* [Work to complete]
Within the lines below, the span from the line with "Дом в лесном массиве с закрытой территорией" to the line with "Brand New 3", both ends included, is to be reproduced exactly, with pictures omitted.
━━ Recorded information
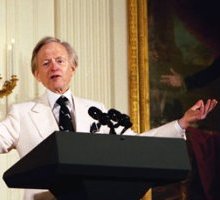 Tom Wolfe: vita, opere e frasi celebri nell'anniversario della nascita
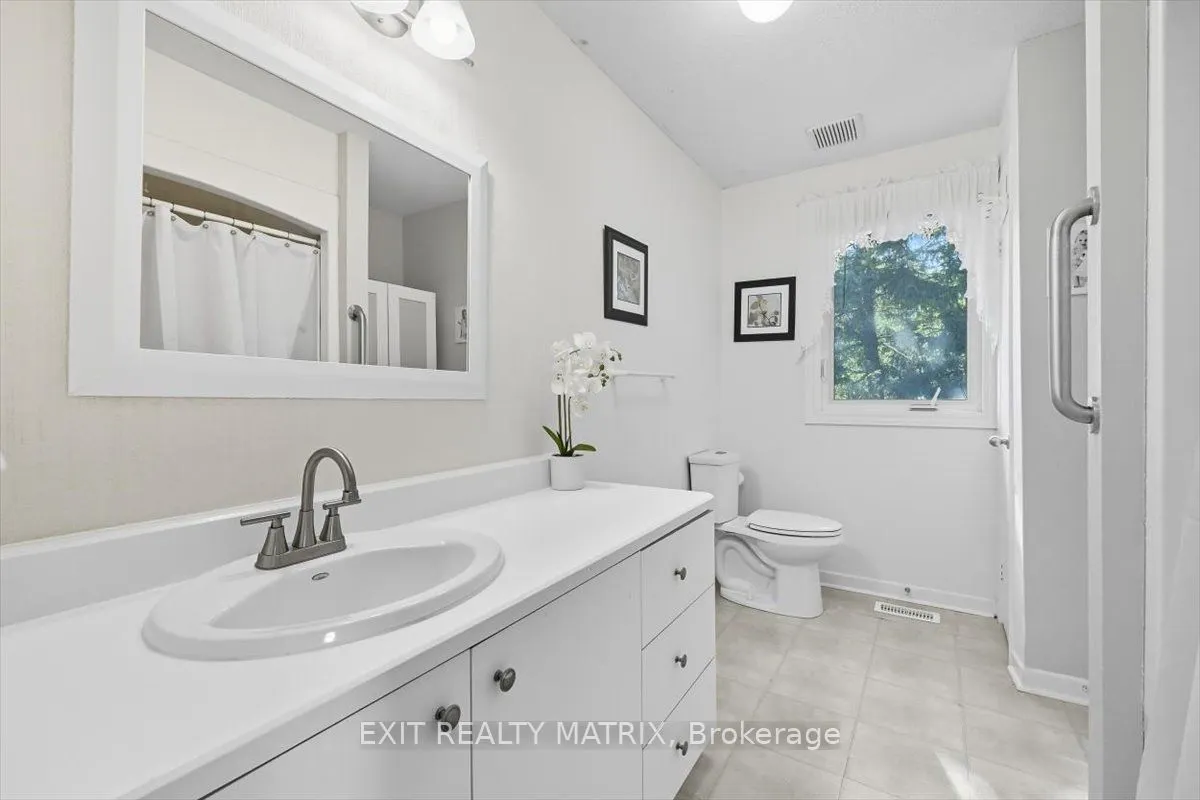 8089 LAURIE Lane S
━━━━
━━ Recorded information
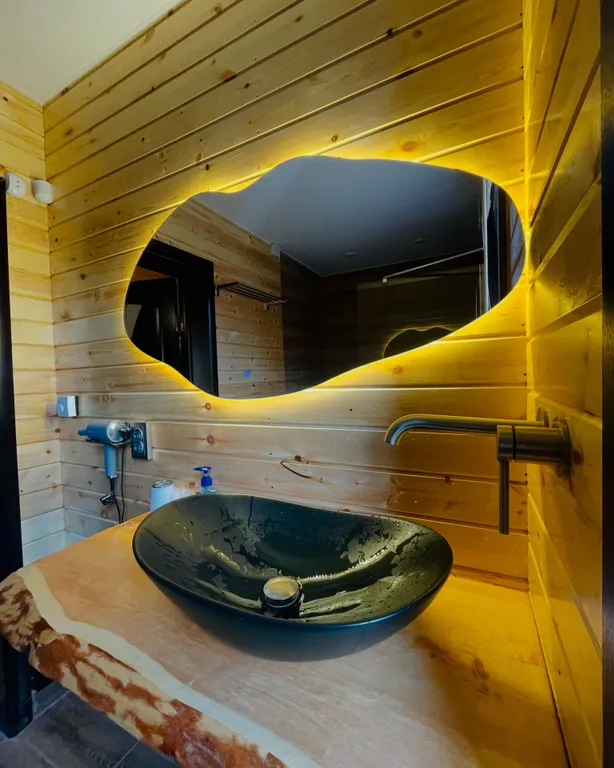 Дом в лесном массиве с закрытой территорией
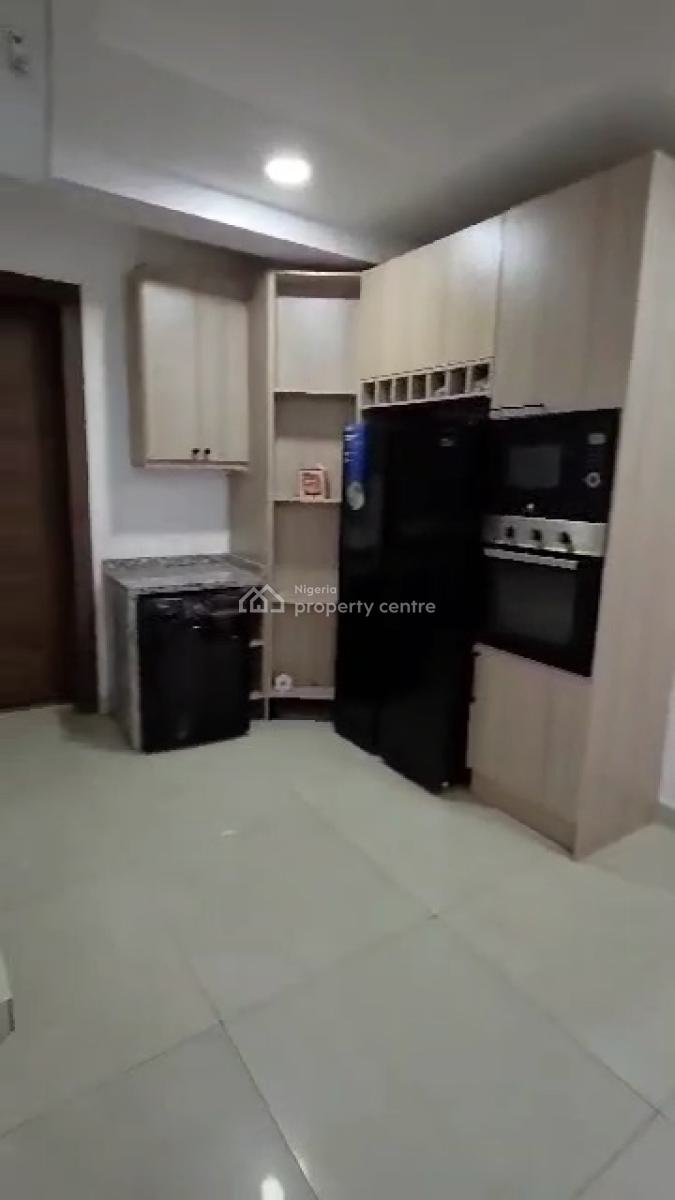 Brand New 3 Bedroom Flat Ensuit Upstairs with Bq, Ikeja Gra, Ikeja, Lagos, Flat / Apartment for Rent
━━━━
* [Task output]
 Дом в лесном массиве с закрытой территорией
 Brand New 3 Bedroom Flat Ensuit Upstairs with Bq, Ikeja Gra, Ikeja, Lagos, Flat / Apartment for Rent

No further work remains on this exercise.